Prepping for enrollment spikesSchool officials here prepared for another enrollment boom this fall by adding three bus routes to keep up with an expected 350 new students.
By: By Ryan Johnson , Forum Communications, The Jamestown Sun
WEST FARGO, N.D. — School officials here prepared for another enrollment boom this fall by adding three bus routes to keep up with an expected 350 new students.
But all the number crunching, housing construction analysis and planning had to be adjusted when about 550 new students showed up, said school district Transportation Director Brad Redmond.
“That’s 200 more students, and those students get scattered out throughout our 65 buses and it increases the number of kids riding,” he said.
Redmond said officials are already planning for another enrollment gain next year, working on projections that will shape how the district will get its more than 8,000 K-12 students to and from school.
To make up the gap between projections and the actual headcount this fall, he said the district shuffled its routes to ensure no buses were over their legal capacity.
The district owns and operates 50 buses and contracts with Valley Bus Co. for another 15 vehicles. District buses provided more than 1 million rides to students last school year and put an average of 3,200 miles on the fleet each day.
Redmond said he’s preparing to go to the School Board in the next month with a request to buy more buses to keep up with another expected enrollment gain. But it’s not a fast process, he said.
“Buying a bus isn’t like going to a car lot and buying a car,” he said. “Each state has its own specifications that are minimum requirements that you have to meet.”

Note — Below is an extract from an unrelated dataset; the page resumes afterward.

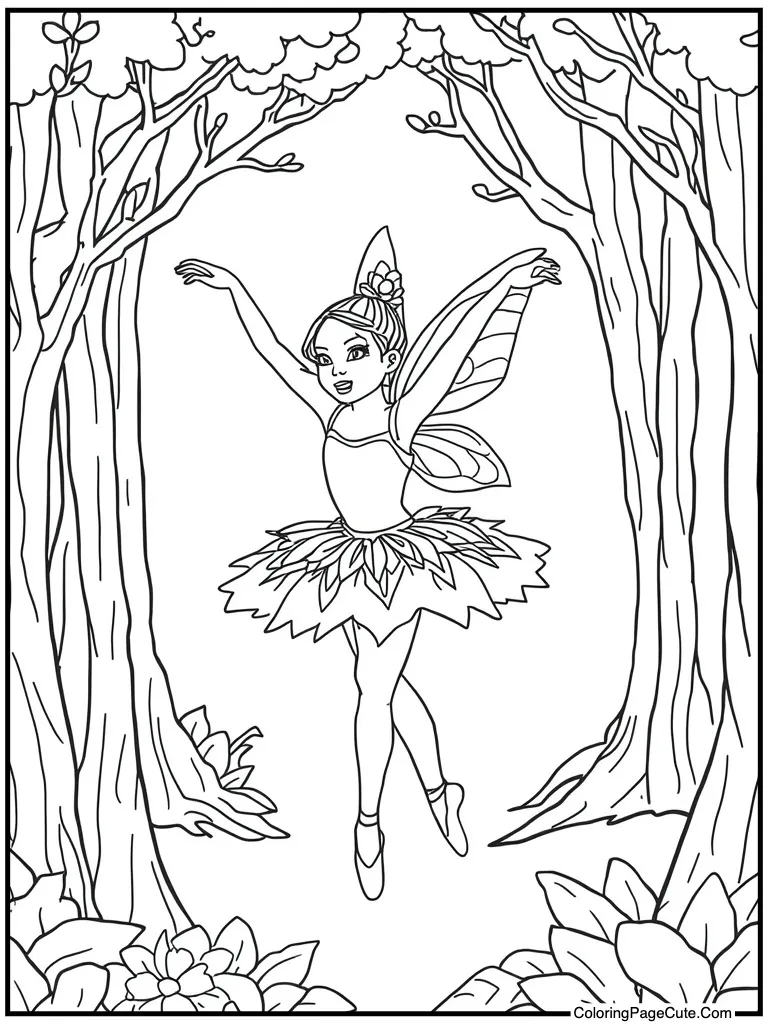 Flower fairy spinning around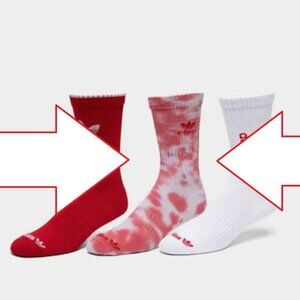 ADIDAS NEW MENS SEMI PINK POLY / COTTON COLOR WASH CREW SOCKS SIZE 6-12 (1 PR)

That means even if the district orders more buses this winter, they likely won’t arrive until the late spring or summer.
Another complication, Redmond said, is bus ridership varies from day to day and season to season. Most neighborhoods in the district average about 80 to 84 percent ridership for elementary students, he said, while only about 10 percent of high school upperclassmen take the bus.
Ridership tends to spike between sports seasons when students don’t have practice or games after school, he said, and the numbers often go down during the coldest months when parents drive their kids to school more.
And like this fall, coming up with projections about how many more students will need a ride to class the following year is more of an art than a science.
“It’s a lot of planning, and unfortunately, there’s a lot of guesswork involved,” he said. “Then we do tweaks after the school year gets started.”
Superintendent David Flowers said the district aims to budget for two students per seat, a more comfortable arrangement than the three-per-seat legal maximum.
There are times that goal can’t be met and three students sit together, he said, but the district ensures buses never go over their legal capacity and that all riders are properly seated.
“We have students who don’t want to sit with someone, so there’s room on the bus but the kid comes down the aisle and kids say ‘you can’t sit with me’ or that kind of thing,” Flowers said. “And if that happens to a great extent, then that’s a form of bullying and we don’t tolerate that, either.”
Redmond said paraprofessionals occasionally ride on the buses, often accompanying a student with special needs or helping the driver monitor students’ behavior.
But Flowers said overall, the district isn’t seeing bus problems out of the ordinary.
“Yes, occasionally it does come to my level that there’s been a bus situation or a parent that complains because their child has been suspended from the bus,” he said. “It’s not unlike any other gathering of large numbers of children or adolescents that there are issues from time to time.”